Economic-development tax incentives more than tripled over the past 25 years, offsetting about 30% of the taxes the companies receiving incentives would have otherwise paid in 2015, compared with about 9% offset in 1990, according to an analysis of incentives covering more than 90% of the U.S. economy.
By 2015, the total annual cost of these incentives was $45 billion, according to the analysis, by Timothy Bartik, a senior economist at the W.E. Upjohn Institute for Employment Research in Kalamazoo, Mich. The study looked at 47 cities in 32 states plus the District of Columbia.
Total incentives are likely higher because the analysis didn’t include some used by cities, including Elyria, such as city income tax rebates for companies.
“The national headwinds are not in favor of these older, industrial small-to-midsize places,” said John Lettieri, senior director of policy and strategy at the Economic Innovation Group, a nonprofit, bipartisan research and advocacy organization. The cities are often tied to a single sector and tend to have more-static economies, with a low rate of firm formation and little growth or even declines in population, he said.
St. Louis in 2015 began reworking its formula for development incentives, raising standards for approval and shifting more attention to struggling neighborhoods, said Otis Williams, executive director for the city’s economic development arm. St. Louis is now re-evaluating its corporate-incentive program, “to make sure we raise the bar for that as well,” he said.
Some mayors don’t feel they have a choice. “We would be dead in the water without economic incentives,” said Virg Bernero, the mayor of Lansing, Mich. Old, vacant buildings and contaminated industrial properties can be impossible to redevelop without incentives because they aren’t cost competitive, he said.
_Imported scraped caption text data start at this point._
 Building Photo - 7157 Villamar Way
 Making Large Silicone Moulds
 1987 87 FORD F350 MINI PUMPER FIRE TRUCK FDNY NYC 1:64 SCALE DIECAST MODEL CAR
The competition is heightened because suburbs now routinely offer tax incentives, too, he said.
Manufacturing still accounts for roughly twice as many jobs in smaller, heartland Ohio cities as in the nation as a whole, according to a November 2016 report by the Center for Community Solutions, a nonpartisan think tank based in Cleveland.
The greater Cleveland metro area, which includes Elyria, posted the nation’s largest drop in the number of firms between 2010 and 2014, losing 712 of its companies, the Economic Innovation Group found.